━━━━━ DATA TO PROCESS ━━━━━

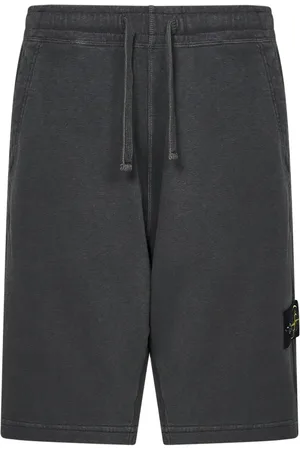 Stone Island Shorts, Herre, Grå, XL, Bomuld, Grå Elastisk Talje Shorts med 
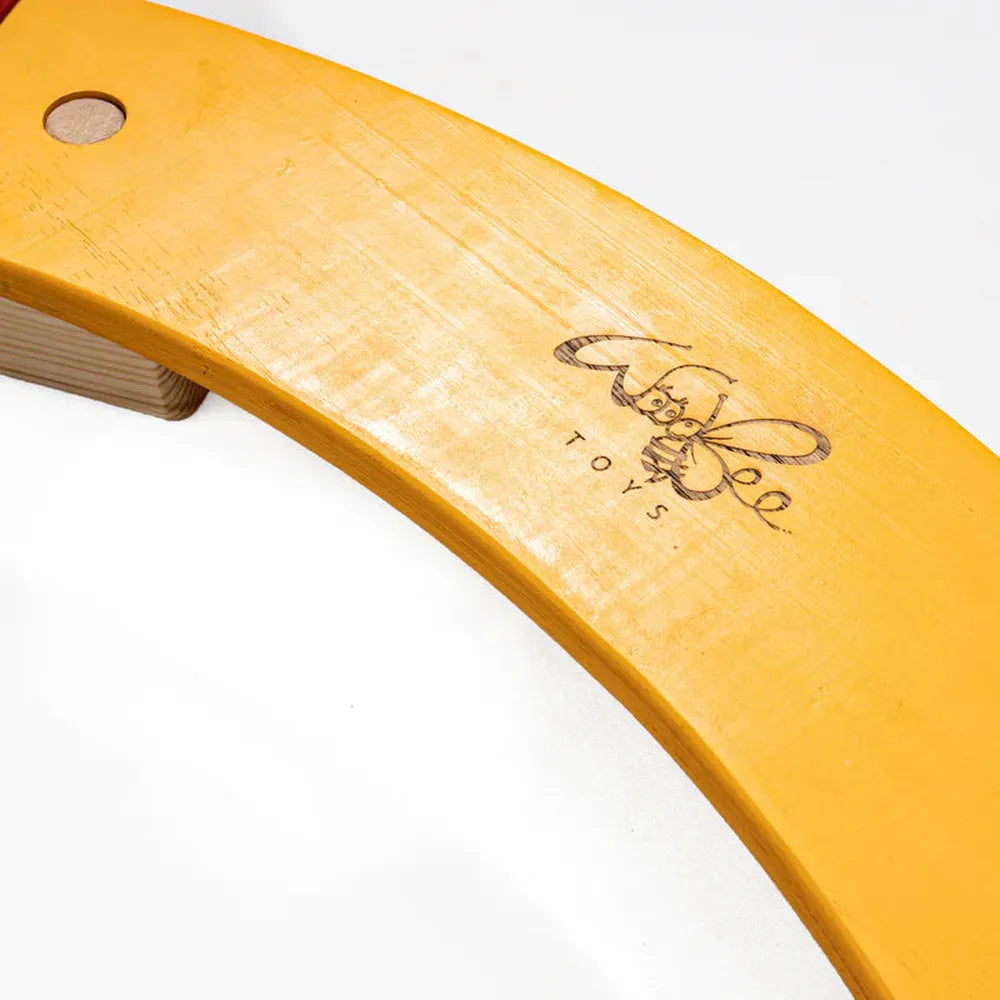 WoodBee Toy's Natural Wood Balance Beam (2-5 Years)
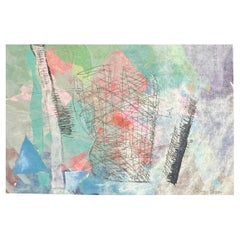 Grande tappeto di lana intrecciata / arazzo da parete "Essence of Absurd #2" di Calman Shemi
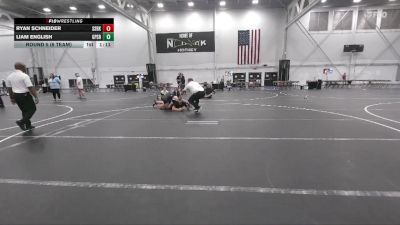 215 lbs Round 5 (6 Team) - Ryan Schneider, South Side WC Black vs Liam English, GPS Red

━━━━━
━━━━━ DATA TO PROCESS ━━━━━

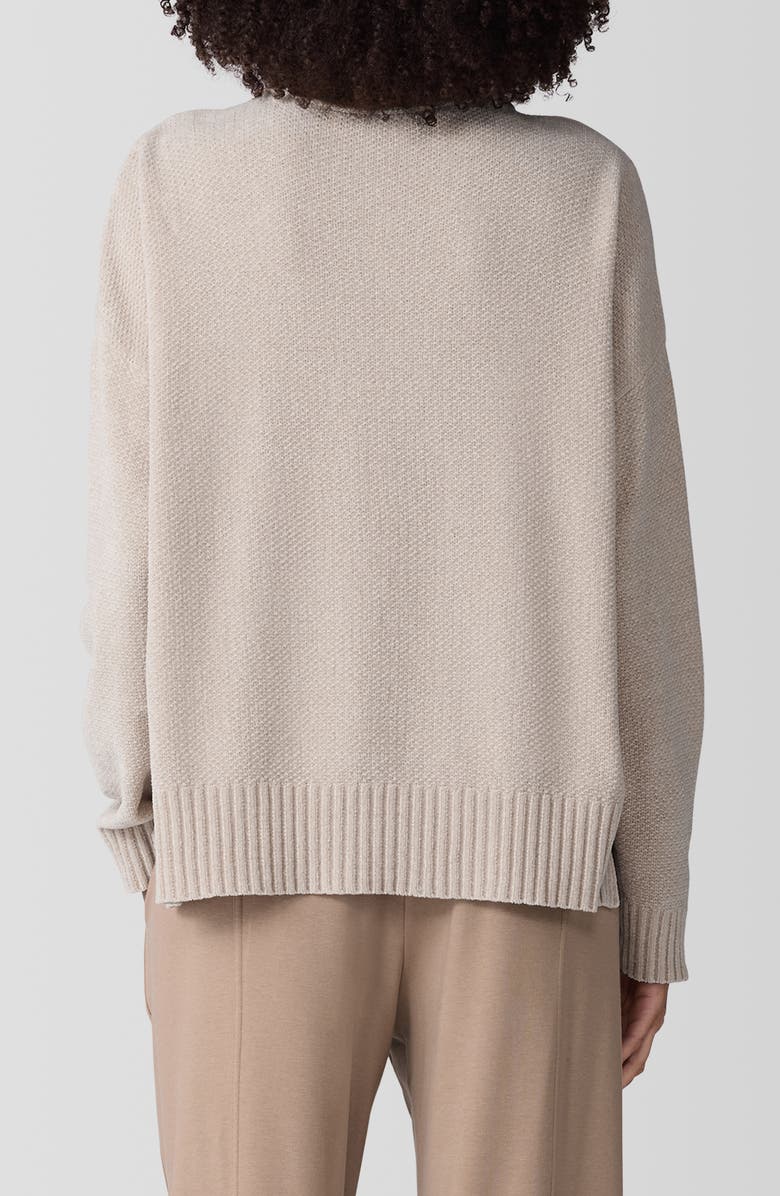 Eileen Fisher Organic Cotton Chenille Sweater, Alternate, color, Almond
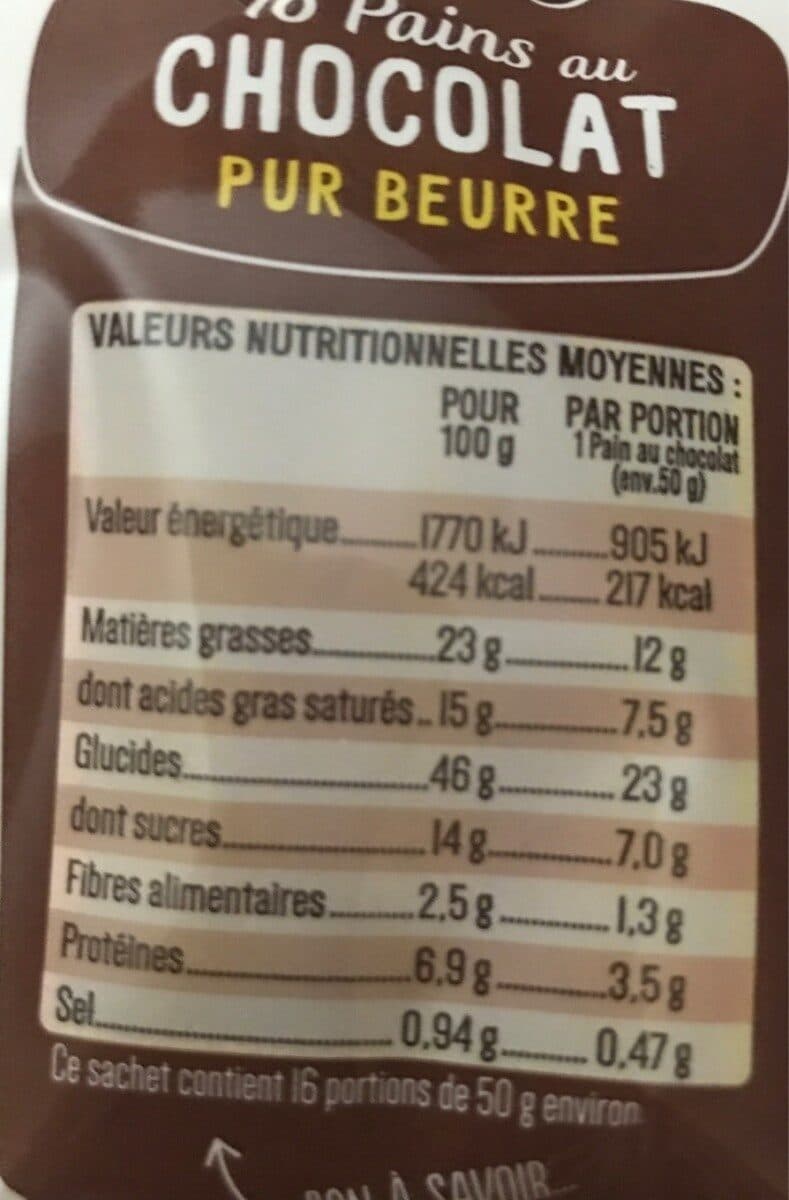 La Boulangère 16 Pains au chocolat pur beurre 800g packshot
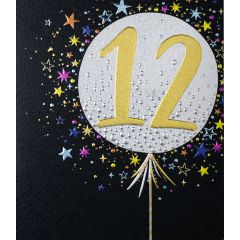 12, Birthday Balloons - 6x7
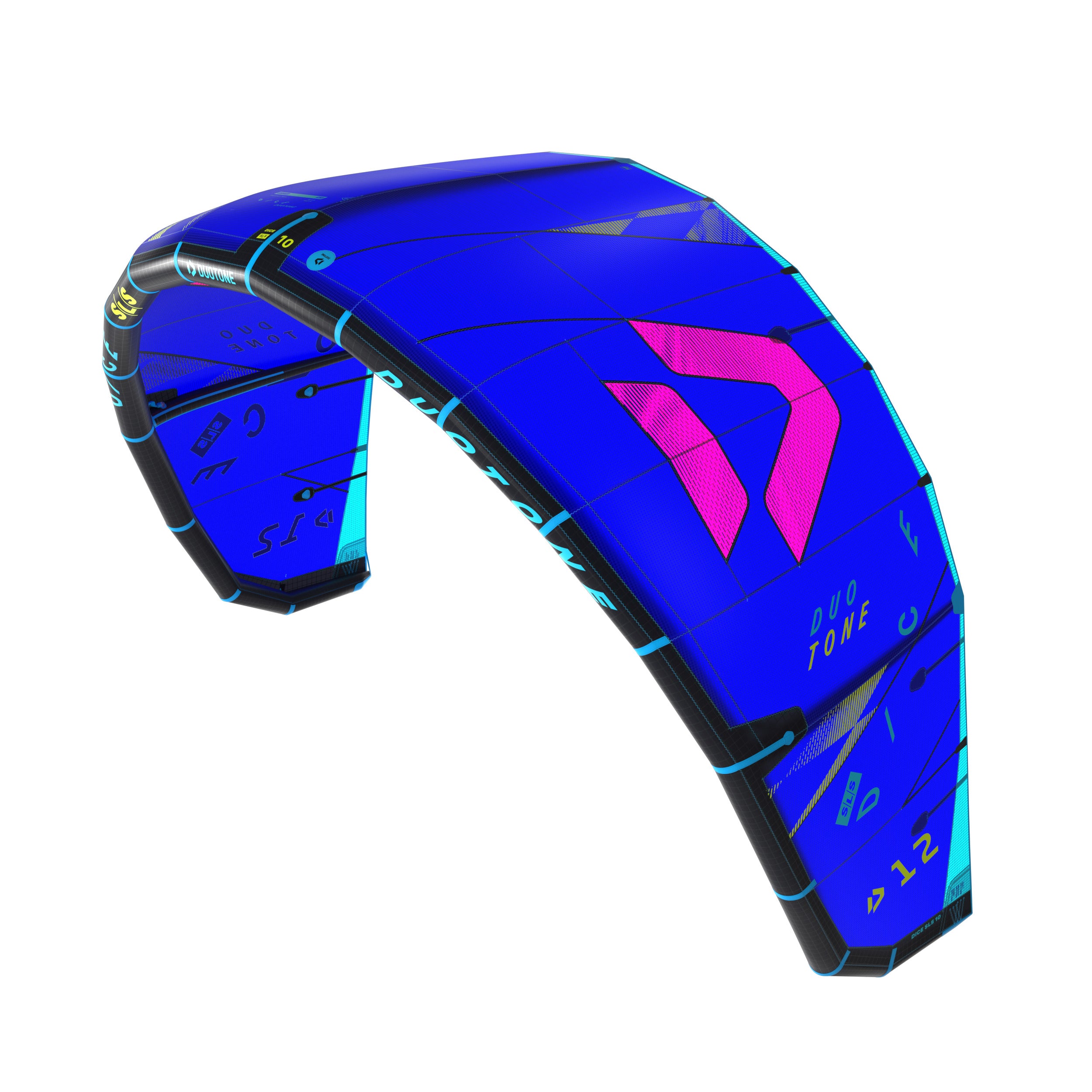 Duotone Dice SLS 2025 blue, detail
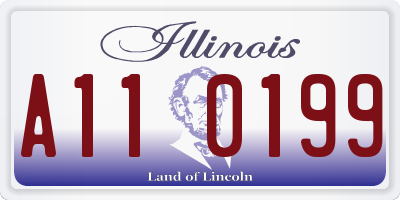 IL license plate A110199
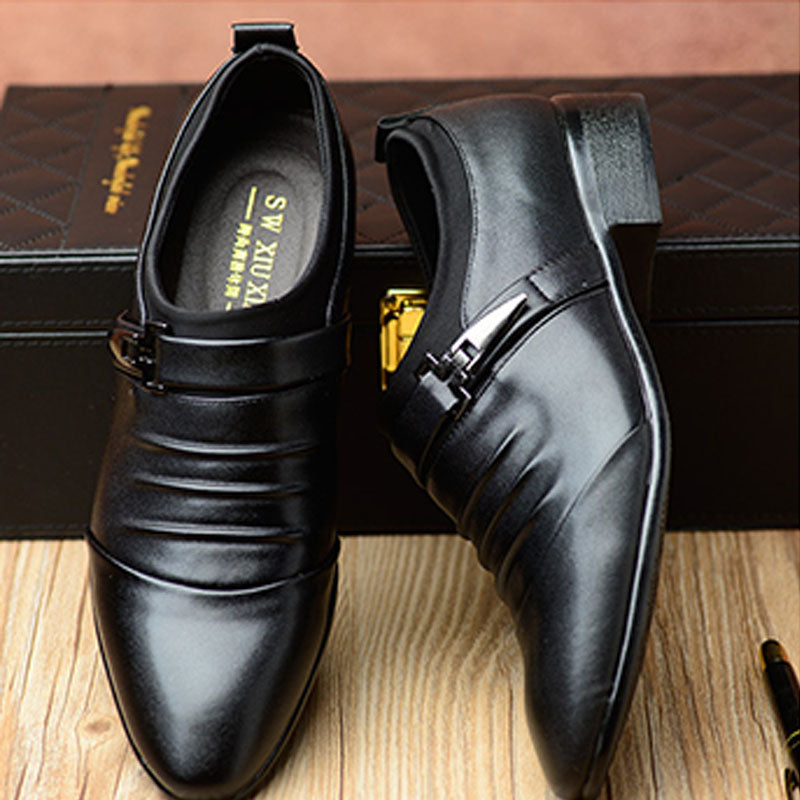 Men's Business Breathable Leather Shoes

━━━━━

### WHAT IS NEEDED
The answer should consist only of the lines above from the one with "Eileen Fisher Organic" through the one with "Men's Business Breathable Leather Shoes", repeated exactly, with no pictures among them.

### RESPONSE
 Eileen Fisher Organic Cotton Chenille Sweater, Alternate, color, Almond
 La Boulangère 16 Pains au chocolat pur beurre 800g packshot
 12, Birthday Balloons - 6x7
 Duotone Dice SLS 2025 blue, detail
 IL license plate A110199
 Men's Business Breathable Leather Shoes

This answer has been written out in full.